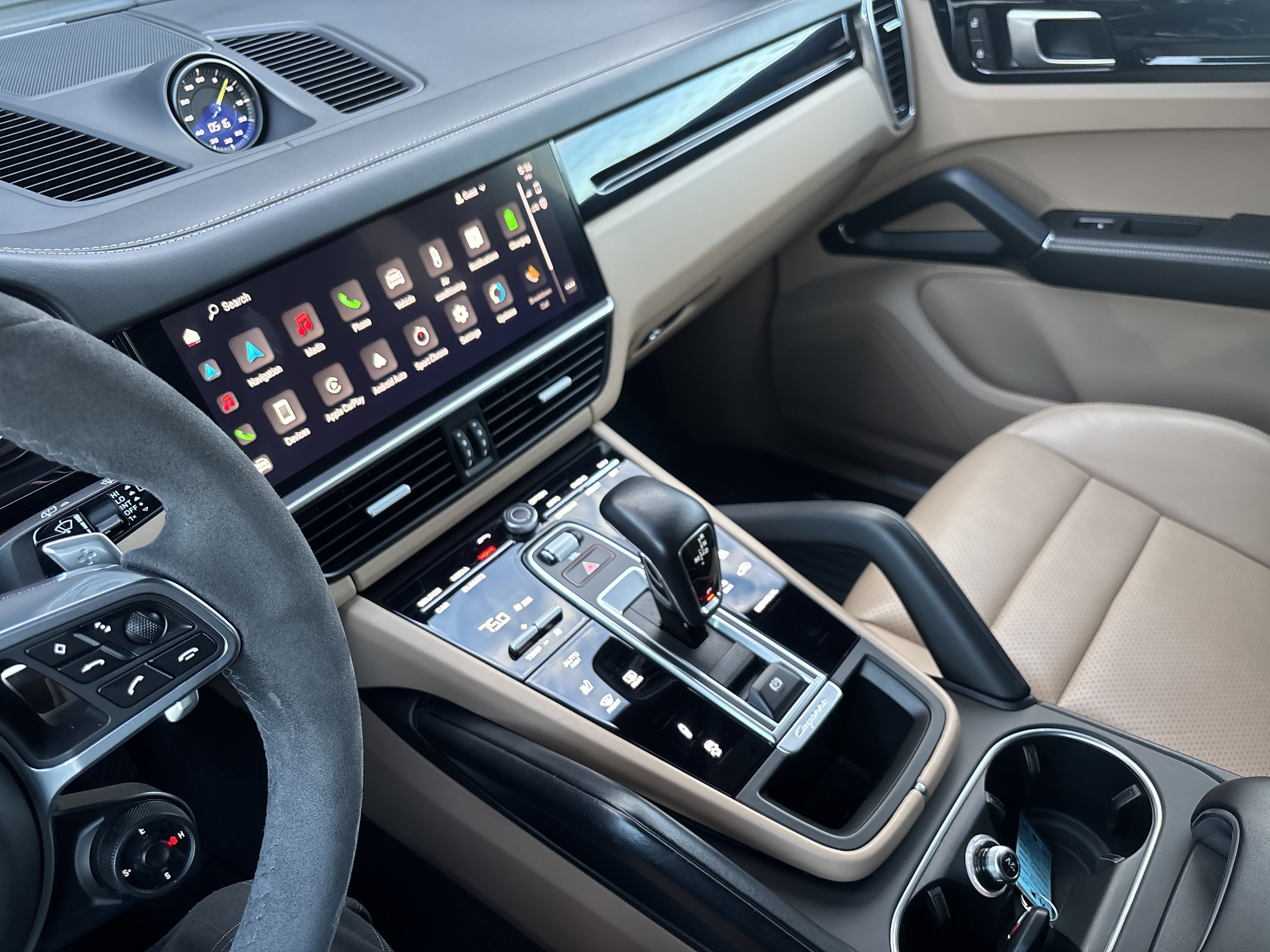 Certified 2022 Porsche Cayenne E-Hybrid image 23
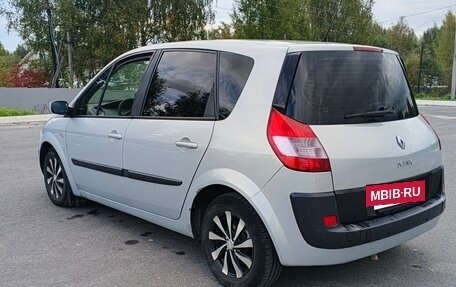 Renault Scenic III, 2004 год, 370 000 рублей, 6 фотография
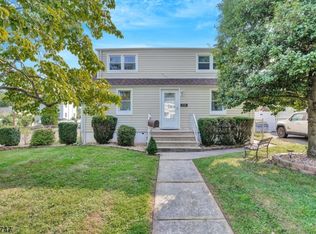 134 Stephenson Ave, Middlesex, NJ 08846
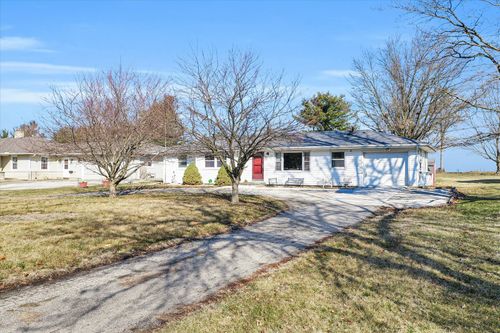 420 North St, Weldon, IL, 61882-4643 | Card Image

--

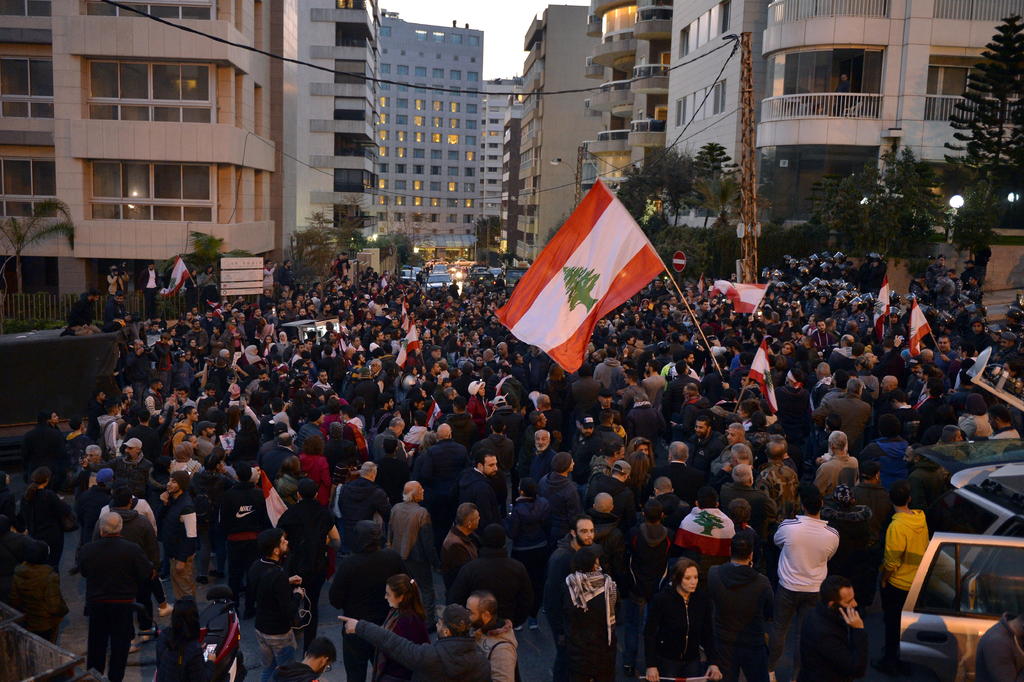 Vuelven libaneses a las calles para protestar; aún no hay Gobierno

_What this task involves_
Copy nothing but the lines above that run from the one with "Certified 2022 Porsche" to the one with "420 North St, Weldon, IL, 61882-4643", ends included; pictures stay out.

_Answer to the problem_
 Certified 2022 Porsche Cayenne E-Hybrid image 23
 Renault Scenic III, 2004 год, 370 000 рублей, 6 фотография
 134 Stephenson Ave, Middlesex, NJ 08846
 420 North St, Weldon, IL, 61882-4643 | Card Image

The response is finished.